While more Radeon OpenMP GPU offloading patches have been working their way into upstream LLVM, AOMP contains the latest open-source staging code around their compiler code focused on GPU offloading to AMD Radeon graphics hardware. This is a constantly-changing code-base and hence AOMP 15.0-0 as their first version now re-based against the upstream LLVM 15.0 Git development code-base following LLVM's recent 14 upstream release.

Besides using LLVM 15.0 Git sources as of late March, AOMP 15.0-0 is using ROCm 5.0 sources as well for its related Radeon components.

When it comes to AMD's changes in this release, AOMP 15.0-0 includes build changes around its necessary dependencies, enhanced support for compute unit masking to better support multiple devices, reliability improvements, performance optimizations, and more.

The release notes also mention they are working on yet another software project in this same scope, AFAR. The release notes for AOMP 15.0-0 mention:
"The AOMP release is done in concert with a ROCm AFAR compiler release. The primary difference is that the AFAR compiler depends and works with an installed version of ROCm and installed as a tarball. AOMP is a standalone build and only depends on the amdgpu Linux kernel module and is installed with debian or rpm packages. The AFAR compiler for this release can be found at this URL XXXXXXXXXXXXXXXXXXXX"

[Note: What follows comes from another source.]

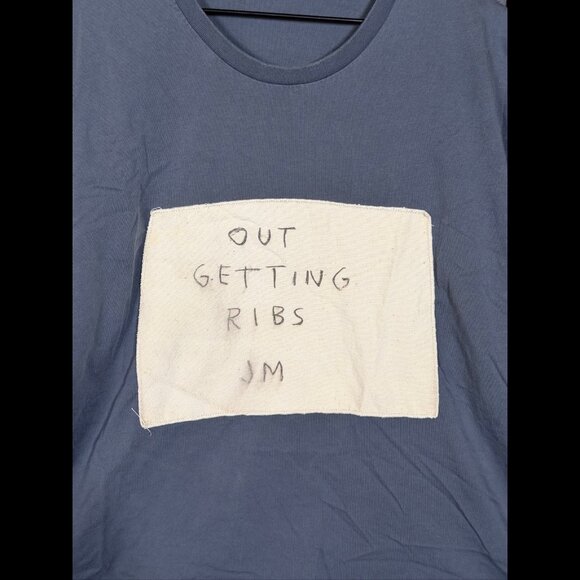 Rome Pays Off T Shirt XL Adults Gray Short Sleeve Graphic Boxy Tee - Picture 6 of 9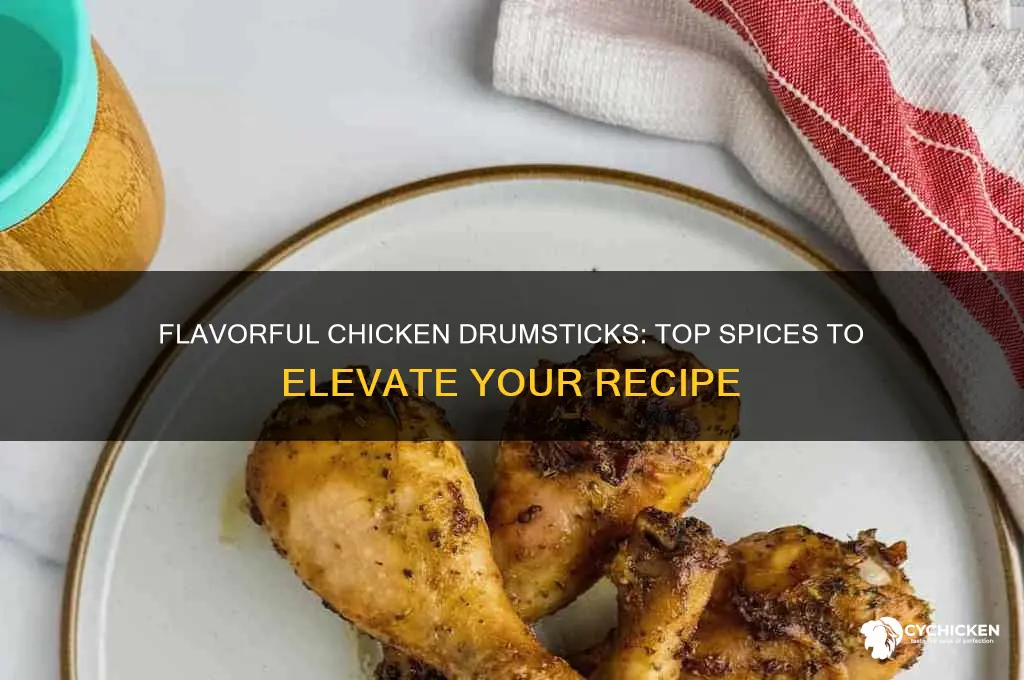 what spices to add to chicken drumstick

This is my first time hearing of the AMD ROCm AFAR compiler. As of writing I haven't been able to find this AFAR compiler within any other AMD/ROCm GitHub repositories and the like. With AFAR working with ROCm installed separately, it sounds like it will be more robust though in some regards AOMP is easier to get setup and going. We'll see what other differences this AFAR compiler may have with being yet another AMD compiler effort. If it's just about installation strategy, it seems it would have been easier just naming AOMP and "AOMP Standalone" or so than having yet another new name in the increasingly large ROCm software space, so we'll see what other changes AFAR may usher in.

More details on AOMP 15.0-0 via GitHub while I'll be on the look out for the new AFAR compiler code release.